START Data supplied
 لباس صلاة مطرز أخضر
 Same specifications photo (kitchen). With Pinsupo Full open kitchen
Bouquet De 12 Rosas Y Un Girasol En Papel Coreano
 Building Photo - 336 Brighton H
END Data supplied
START Data supplied
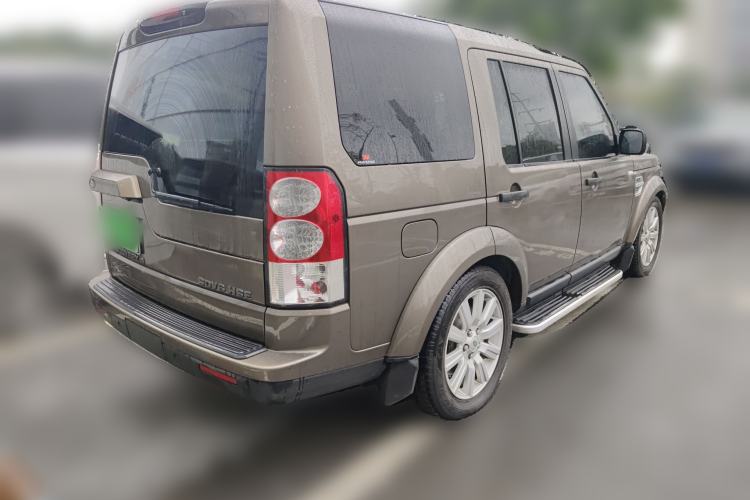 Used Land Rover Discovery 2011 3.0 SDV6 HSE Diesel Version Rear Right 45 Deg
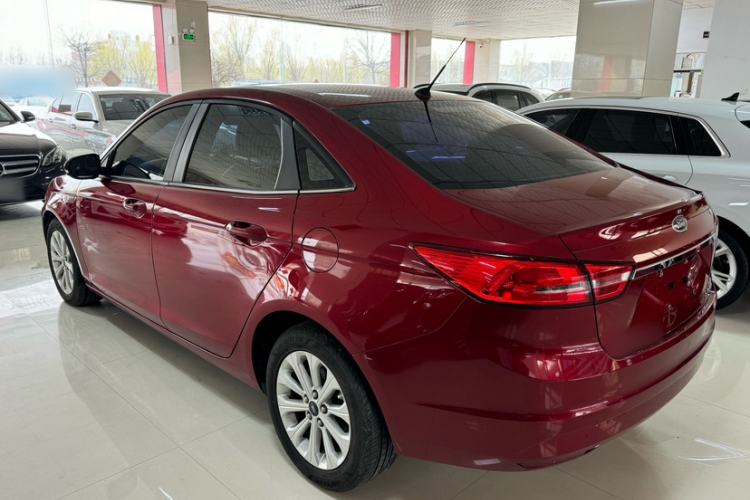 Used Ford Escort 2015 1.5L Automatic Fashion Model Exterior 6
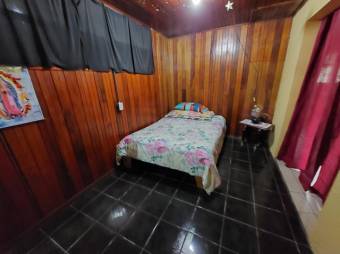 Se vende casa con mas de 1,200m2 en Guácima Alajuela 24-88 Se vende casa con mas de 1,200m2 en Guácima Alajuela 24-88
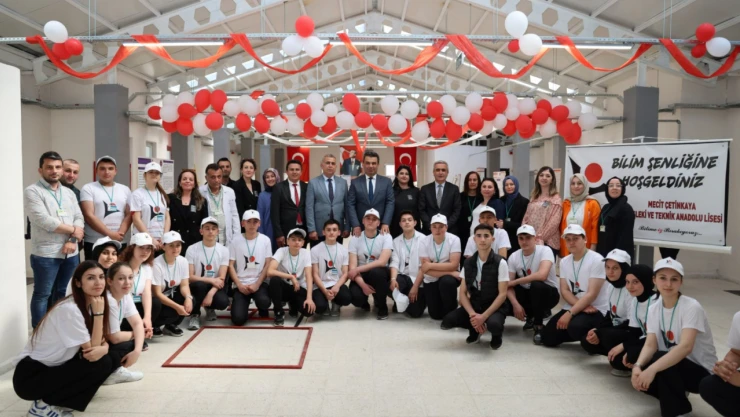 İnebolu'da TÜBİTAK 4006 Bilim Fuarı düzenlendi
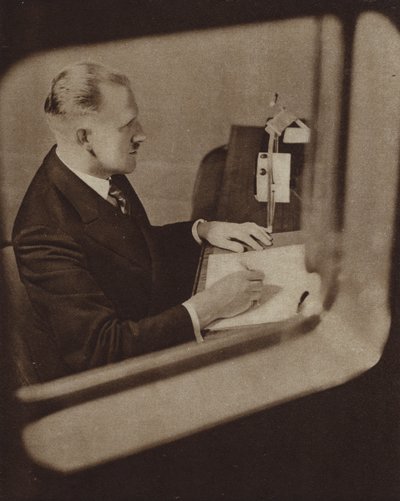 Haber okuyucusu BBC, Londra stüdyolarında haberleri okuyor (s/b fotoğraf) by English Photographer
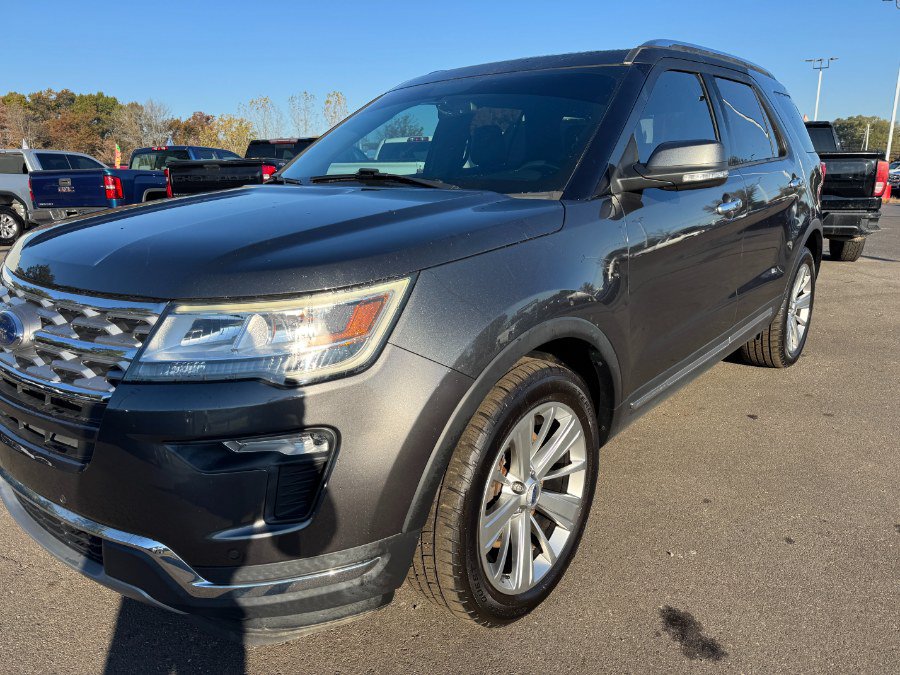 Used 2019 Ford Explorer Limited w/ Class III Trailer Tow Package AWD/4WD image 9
END Data supplied
--- What this task involves ---
Within the listing above, give again exactly every line from the line with "لباس صلاة مطرز أخضر" through the line with "Building Photo - 336 Brighton H", both included, and no other line.

--- Output for this exercise ---
 لباس صلاة مطرز أخضر
 Same specifications photo (kitchen). With Pinsupo Full open kitchen
Bouquet De 12 Rosas Y Un Girasol En Papel Coreano
 Building Photo - 336 Brighton H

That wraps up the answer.